Más adelante, hacía dibujos copiando fotos, y cosas así. Pero nunca, nunca, los dejaba en lápiz. Siempre los acababa repasando con un boli negro de punta fina.

Hasta que, con 14 años, tuvimos una profe en plástica que nos pidió que copiásemos a lápiz una foto que nos repartió a todos los de la clase de una escultura de mármol. Y me puse manos a la obra.

Pero me di cuenta que mis manos volaban, y no podía parar. Me pasé horas haciendo el dibujo, durante 3 días fue prácticamente lo único que hice. Y el lápiz de toda la vida HB se me quedaba corto. Necesitaba algo más, y entonces me fui a una papelería y se lo comenté a la dependienta. Y me dijo, necesitas un lápiz tipo B. Yo no sabía qué era eso, me lo explicó y me compré un 2B y un 4B, también compré un 2H.

Y la cosa mejoró mucho con el dibujo, pero tenía otra dificultad, necesitaba difuminar, y como no tenía nada para difuminar empecé a hacerlo con los dedos. El inconveniente de esto es que los dedos se llenaban de grafito y el dibujo se me puso sucísimo, y me dije, no puede ser. Y empecé a usar bastoncillos de oído para poder difuminar y seguir con las manos limpias.

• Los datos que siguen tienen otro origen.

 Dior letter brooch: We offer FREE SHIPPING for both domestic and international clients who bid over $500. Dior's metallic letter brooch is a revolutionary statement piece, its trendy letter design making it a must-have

Años después, tuve una compañera de casa que estaba en Bellas Artes y me descubrió dos cosas fundamentales:
El difumino
El lápiz borrador
Sin los cuales, hoy en día, ya no puedo vivir.

Aquello de aquél dibujo que hice en el colegio se me quedó grabado y siempre tuve un runrún dentro de mí que me decía que debía volver a hacerlo, hasta que, cuando tenía 28 años, fui a comprar un libro sobre Miguel Ángel. Dado que mi primer dibujo fue una escultura, quise seguir con ello.
Pinté una, de un Cautivo Moribundo, dibujé otra, La Notte, del panteón de los Médici. Hice varios sobre mi marido, siempre basándome en la figura humana.

Unos años después, cuando iba de camino a la oficina, reparé en un pequeño olivo que hay subiendo hacia Serrano por el puente de Juan Bravo. Era precioso, fino, delicado. Pasaba delante de él todos los días. Un día descubrí que tenía un compañero, justo en frente, diferente pero igual de interesante que él, y me fascinaba verlos.

Y de repente un día me dije: Voy a dibujarlos.

Primero busqué todos los materiales que me hacían falta, y me puse a dibujarlos. Y cuando los terminé, tuve una sensación tremenda.
La de un río que se desborda y rompe la presa que lo contiene.
Me había dado cuenta, que el dibujo era mi vida y que podría dibujar lo que me apeteciese dibujar.